Dive Brief:
- An HR manager alleging retaliation should have her claims heard by a jury, a federal district court judge has determined (Donald v. Plus4 Credit Union, No. 4:16-cv-00123 (S.D. Texas)).
- The manager was told to hire only white employees and also was instructed to fire a black employee because of his race, she alleged in a lawsuit. After refusing, the HR department — which included the plaintiff and one other employee — was eliminated.
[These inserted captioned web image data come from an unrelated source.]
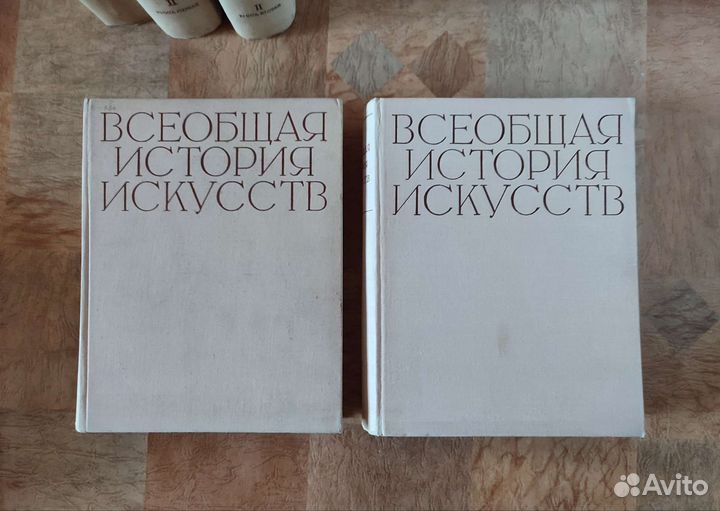 Всеобщая история искусств. Пересыла нет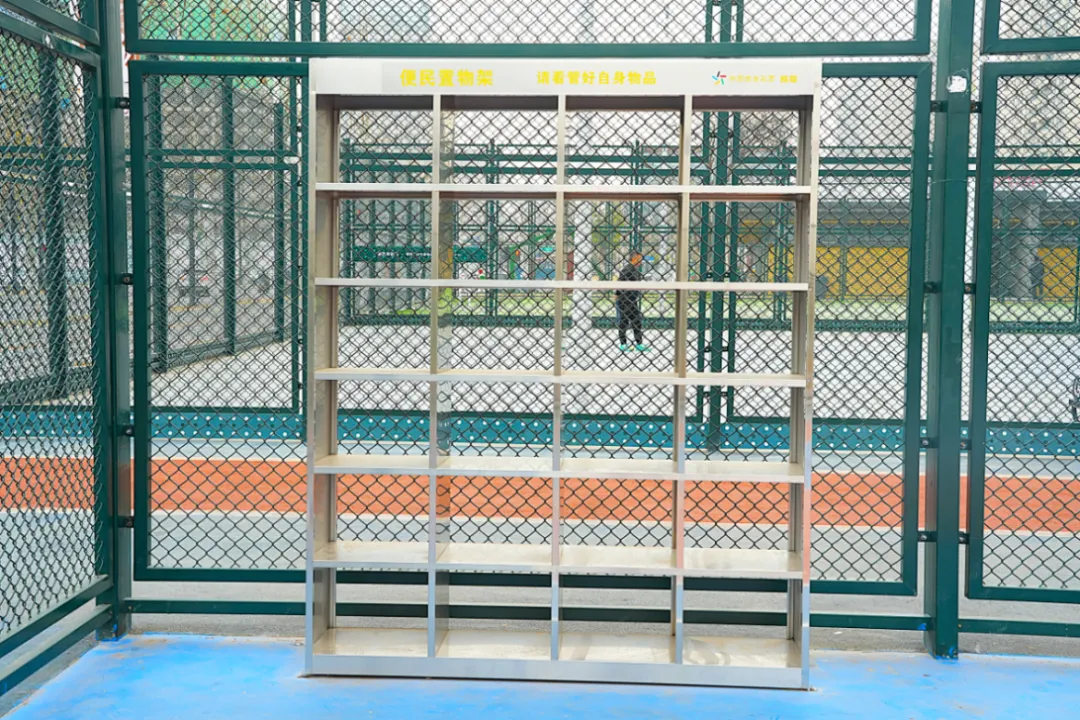 体彩公益金赋能体育公园 洛阳长夏门社区居民幸福升级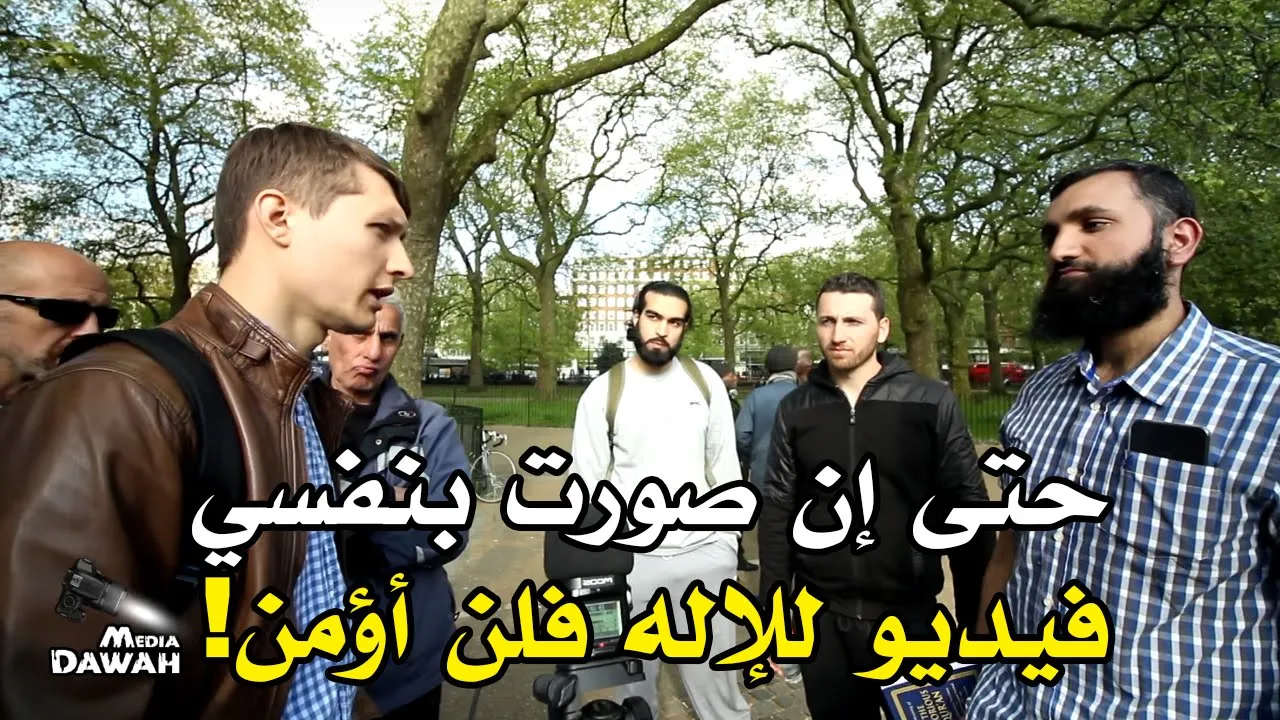 حتى إن صورت بنفسي فيديو للإله فلن أؤمن | صبور في حوار غني بالمعلومات مع ملحد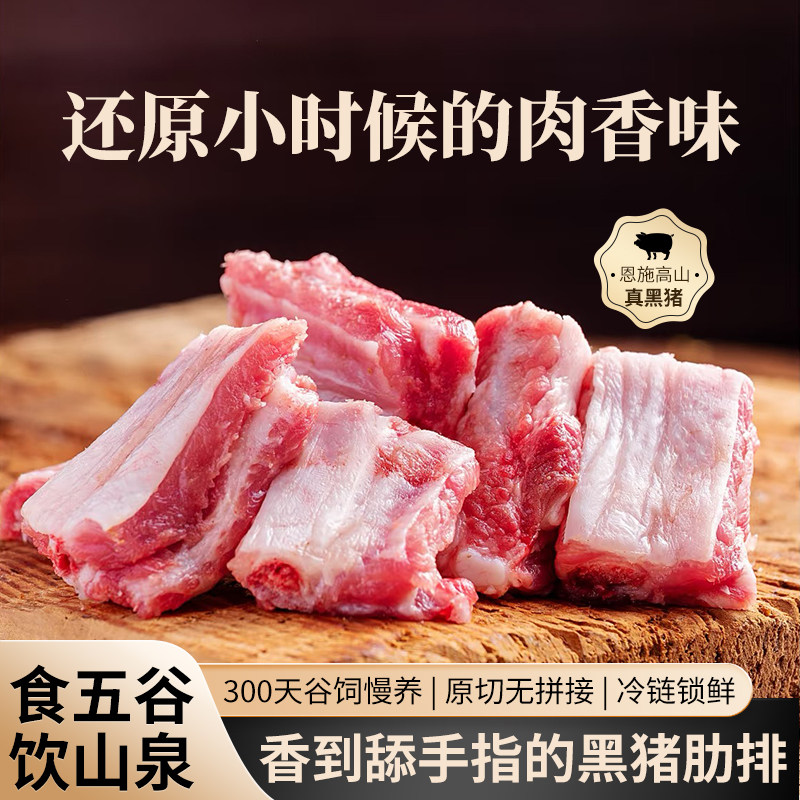 【顺丰冷链】千湖之省正宗恩施黑土猪排骨农家新鲜中段肋排猪肉
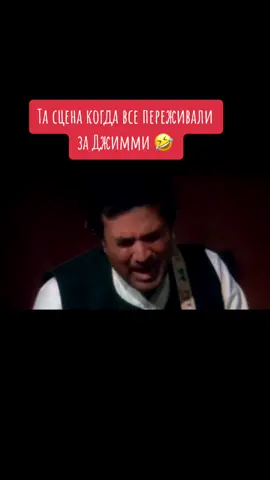 #рекомендации #песня #музыка #фильм #инди #индия🇮🇳 #митхунчакраборти #танцордиско #дядя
- The judge dismissed several other claims that the HR manager filed, but said that a jury should consider whether she was fired in retaliation for opposing a practice that violated Title VII of the Civil Rights Act of 1964.
Dive Insight:
A trial is no guarantee that the HR manager will succeed on her claims, but as many employment law defense attorneys will attest, businesses rarely want these cases to end up in front of a jury. It's also possible a jury will never hear the case, as most employment claims that survive summary judgment, as this one did, are settled outside of court.
Still, the fact pattern speaks volumes about the need for training — and not just lip service. According to court documents, the HR manager says she brought her concerns to the employer's counsel, who said he would conduct leadership and diversity classes with management, "but no such classes were conducted."
Finally, HR professionals should remember that employment laws don't all treat HR the same. The employer in this case argued that the HR manager's actions couldn't be protected activity because of the "manager rule," a legal theory generally used in Fair Labor Standards Act cases. It refers to the fact that a management employee who performs routine duties isn't protected just by disagreeing with her employer's actions. Instead, "an employee must cross the line from being an employee ‘performing her job ... to an employee lodging a personal complaint,'" according to court documents. The judge didn't accept the employer's "manager rule" argument here because the controlling appellate court has not applied the rule in Title VII claims, but businesses certainly have had success with it in wage and hour claims.
Taking things a step further, a court hearing a Family and Medical Leave Act case recently refused to dismiss a suit filed against an HR director, holding that she could be individually liable in the case.